Short text fragments from websites:
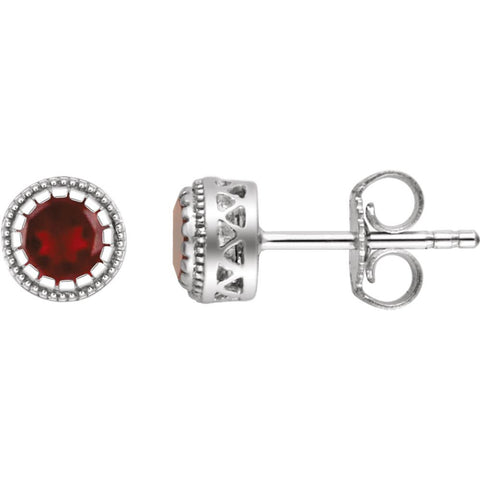 14k White Gold Garnet "January" Birthstone Earrings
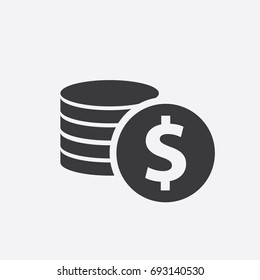 Coin icon. Dollar currency icon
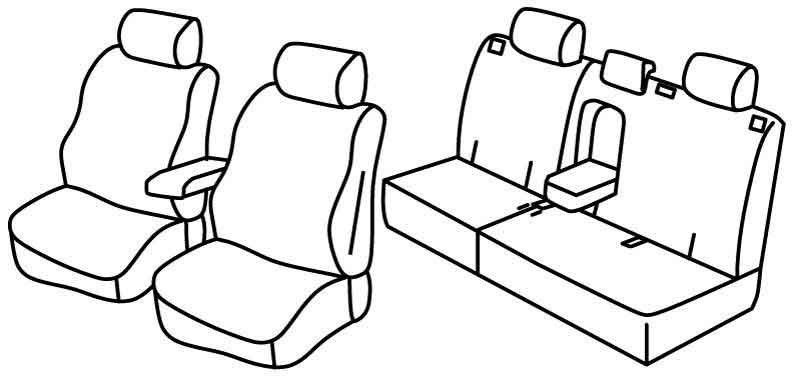 Set coprisedili Superior - Nero/Grigio - su misura per Opel Antara (11/06>05/17)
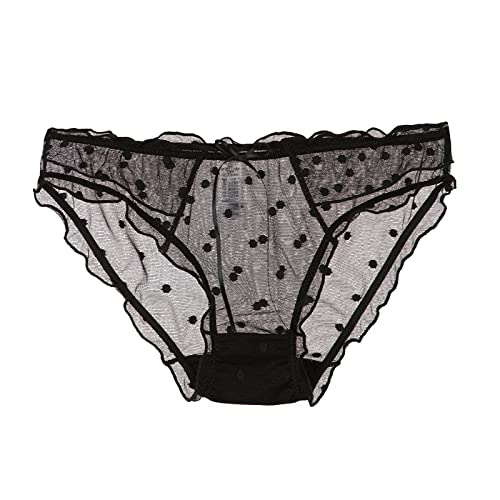 AMDOLE Damen-Höschen Polka Dot Spitzenhöschen Mesh-Streamer-Höschen Atmungsaktive Slips mit niedriger Taille Unterwäsche Damen Slip Klein (Black, M) Cover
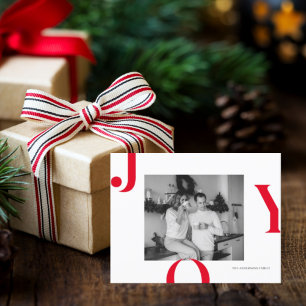 Christmas Photo Family   Red Joy Postcard
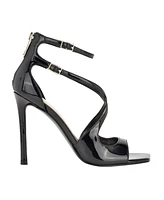 Guess Women's Sella Open Toe Cross Strap Single Sole Heels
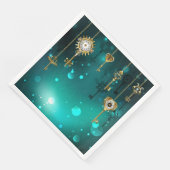 Antike Skeleton Keys on Green Background Serviette (Ecke)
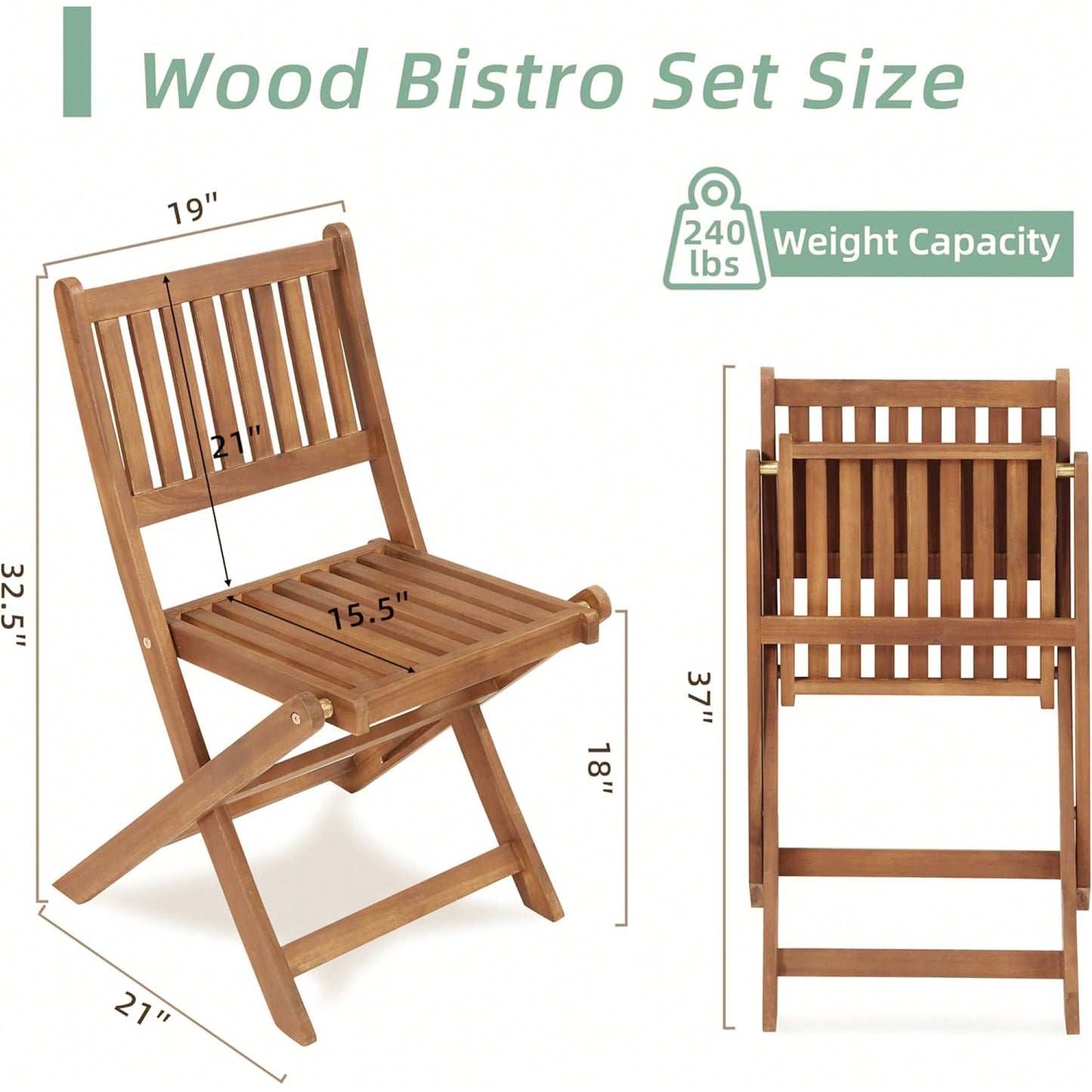 Acacia Wood Bistro Set With Folding Chairs And Coffee Table For Garden Balcony Patio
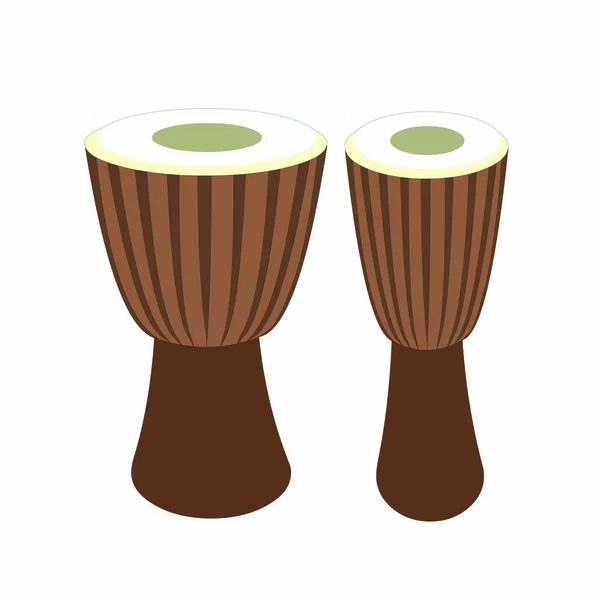 Hangszer Afrikai Djembe Dobok Cartoon Vector Image — Stock Vector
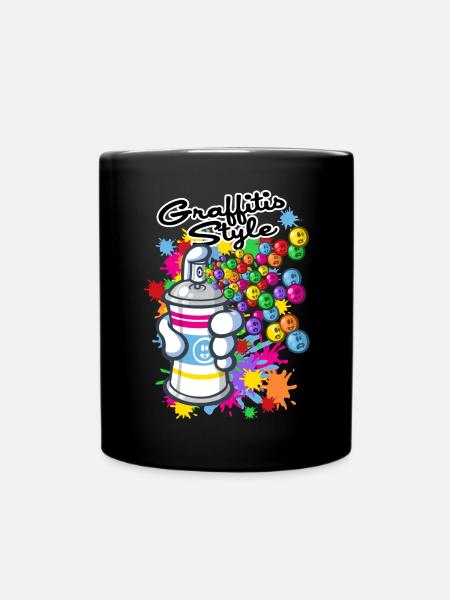 Graffitis cartoon style - Mug uni - noir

=== WHAT YOU ARE ASKED TO DO ===
Extract the part of the records that opens with the line containing "Guess Women's Sella" and closes with the line containing "Hangszer Afrikai Djembe". Take only those lines, exactly, and no pictures.

=== REPLY ===
 Guess Women's Sella Open Toe Cross Strap Single Sole Heels
 Antike Skeleton Keys on Green Background Serviette (Ecke)
 Acacia Wood Bistro Set With Folding Chairs And Coffee Table For Garden Balcony Patio
 Hangszer Afrikai Djembe Dobok Cartoon Vector Image — Stock Vector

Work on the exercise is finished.